» **Requirement**
Only an exact copy of the listing below will do.

» **Given information**
::::::::::

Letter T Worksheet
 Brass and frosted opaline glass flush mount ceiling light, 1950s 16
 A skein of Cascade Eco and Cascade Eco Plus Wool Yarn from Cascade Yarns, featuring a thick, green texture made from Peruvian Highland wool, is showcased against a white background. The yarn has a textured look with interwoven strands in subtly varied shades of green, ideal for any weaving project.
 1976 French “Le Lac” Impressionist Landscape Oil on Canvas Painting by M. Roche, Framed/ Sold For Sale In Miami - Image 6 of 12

::::::::::

» **Reply to the exercise**
Letter T Worksheet
 Brass and frosted opaline glass flush mount ceiling light, 1950s 16
 A skein of Cascade Eco and Cascade Eco Plus Wool Yarn from Cascade Yarns, featuring a thick, green texture made from Peruvian Highland wool, is showcased against a white background. The yarn has a textured look with interwoven strands in subtly varied shades of green, ideal for any weaving project.
 1976 French “Le Lac” Impressionist Landscape Oil on Canvas Painting by M. Roche, Framed/ Sold For Sale In Miami - Image 6 of 12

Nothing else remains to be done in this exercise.